Wo bleiben nur die Blutlachen? Die ausgekugelten Gelenke? Die eingeschlagenen Schädel? Nick Hein und Lukasz Sajewski belauern sich im Ring. Mal greifen sie an, mal verteidigen sie. Mal kickboxen sie, mal ringen sie. Mal wird einer umklammert, mal entwischt einer. Ein Hin und Her, viel Taktik, wie es halt so ist im Sport. Bis eine Sirene ertönt, der Kampf vorbei ist und Hein nach Punkten gewinnt. Die übelste Verletzung: eine kleine Platzwunde unter dem Auge.

Das ist Mixed Martial Arts, kurz MMA. Der Sport, der in Deutschland einen denkbar schlechten Ruf hat. Mit "Gladiatorenkämpfen im alten Rom zu Zeiten der Christenverfolgung" verglich der ehemalige Vorsitzende des Sportausschusses des Bundestags Peter Danckert die Sportart. Der Innenminister Thomas de Maizière bezeichnete MMA einmal als "abscheulich". Die Bayerische Landeszentrale für neue Medien verbot 2010 sogar TV-Übertragungen.

Trotzdem sind am Samstagabend mehr als 8.000 Zuschauer in die Berliner Arena am Ostbahnhof gekommen. Die billigste Karte kostet 50 Euro. Die Leute wollen die UFC sehen, die Ultimate Fight Championship, ihres Zeichens die größte Mixed-Martial-Arts-Organisation der Welt. Hier messen sich die besten Kampfsportler aus allen Stilen in zehn Gewichtsklassen. In sogenannten Fight Nights touren die Kämpfer um die Welt. Zum zweiten Mal machen sie in Berlin Station, obwohl es nur wenige Kämpfer aus Deutschland gibt.

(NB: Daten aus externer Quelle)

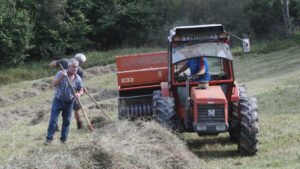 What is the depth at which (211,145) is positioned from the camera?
792 cm

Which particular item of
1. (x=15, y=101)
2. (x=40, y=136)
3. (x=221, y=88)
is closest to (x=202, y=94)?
(x=221, y=88)

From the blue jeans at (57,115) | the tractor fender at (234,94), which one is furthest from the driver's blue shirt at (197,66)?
the blue jeans at (57,115)

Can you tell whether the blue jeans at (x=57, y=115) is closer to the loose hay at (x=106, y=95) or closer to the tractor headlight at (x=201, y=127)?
the tractor headlight at (x=201, y=127)

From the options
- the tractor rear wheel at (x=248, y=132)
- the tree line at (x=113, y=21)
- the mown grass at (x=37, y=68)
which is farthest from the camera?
the tree line at (x=113, y=21)

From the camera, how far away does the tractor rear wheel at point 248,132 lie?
6.87 metres

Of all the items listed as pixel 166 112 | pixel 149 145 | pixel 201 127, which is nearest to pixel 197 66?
pixel 166 112

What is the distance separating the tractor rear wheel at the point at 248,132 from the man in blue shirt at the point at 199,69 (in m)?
1.05

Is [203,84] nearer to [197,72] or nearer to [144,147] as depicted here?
[197,72]

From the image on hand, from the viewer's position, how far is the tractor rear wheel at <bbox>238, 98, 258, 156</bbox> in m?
6.87

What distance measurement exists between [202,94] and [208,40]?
1.24 metres

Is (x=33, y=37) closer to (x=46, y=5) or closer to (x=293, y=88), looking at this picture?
(x=46, y=5)

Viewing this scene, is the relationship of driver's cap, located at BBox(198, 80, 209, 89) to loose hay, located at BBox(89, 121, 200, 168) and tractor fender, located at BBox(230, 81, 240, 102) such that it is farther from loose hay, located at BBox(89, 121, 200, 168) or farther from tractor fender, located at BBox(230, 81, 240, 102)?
loose hay, located at BBox(89, 121, 200, 168)

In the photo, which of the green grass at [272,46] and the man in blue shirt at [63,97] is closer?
the man in blue shirt at [63,97]

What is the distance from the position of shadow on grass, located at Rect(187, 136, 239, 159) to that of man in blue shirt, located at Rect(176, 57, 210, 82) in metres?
1.26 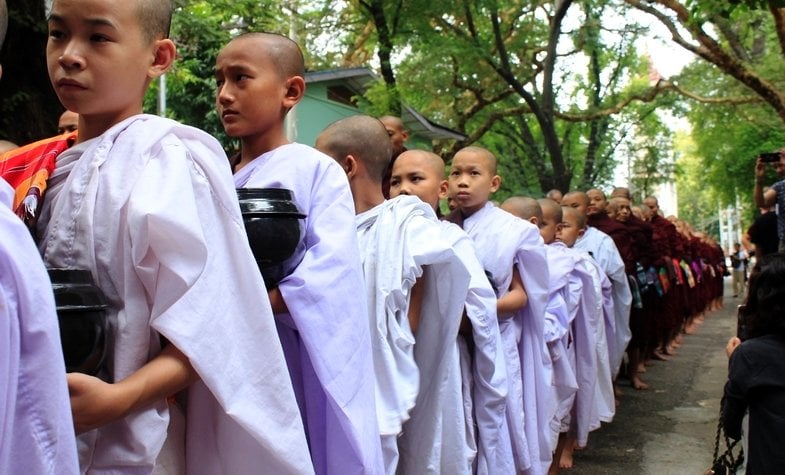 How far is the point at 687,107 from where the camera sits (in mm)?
19438

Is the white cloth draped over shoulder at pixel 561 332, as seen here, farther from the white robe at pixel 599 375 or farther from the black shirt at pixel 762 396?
the black shirt at pixel 762 396

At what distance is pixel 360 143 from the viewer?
9.95ft

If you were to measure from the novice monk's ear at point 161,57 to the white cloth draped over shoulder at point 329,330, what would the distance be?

Erst Bundespolizist, dann Ultimate Fighter

Einer von ihnen ist Nick Hein. Nach seinem Sieg umarmt er seinen Konkurrenten, bedankt sich bei seinen Fans auf Deutsch, Englisch und Japanisch und verschwindet im Kabinengang. Er ist ein Quereinsteiger. Früher war er Judoka, wurde als Junior Deutscher Meister, später Bundespolizist und dann Profikämpfer. Er erfüllt so gar nicht das Klischee vom dummen Haudrauf. "Ich habe noch viele Fans unter meinen ehemaligen Kollegen, auch meine früheren Vorgesetzten drücken mir die Daumen", sagt er.  

Schuld an dem schlimmen Bild des Sports ist vor allem die Präsentation der UFC in ihrer Anfangsphase in den frühen Neunzigern. "There are no rules!" Mit diesem Slogan warb die UFC für sich. Der Sport war auch unter den nicht gerade vertrauenserweckenden Namen Free Fight und Käfigkampf bekannt. Besonders im Osten Deutschlands hatte die Sportart einen schlechten Ruf, weil bei Kampfabenden auch immer mal wieder Nazisymbole zu sehen waren.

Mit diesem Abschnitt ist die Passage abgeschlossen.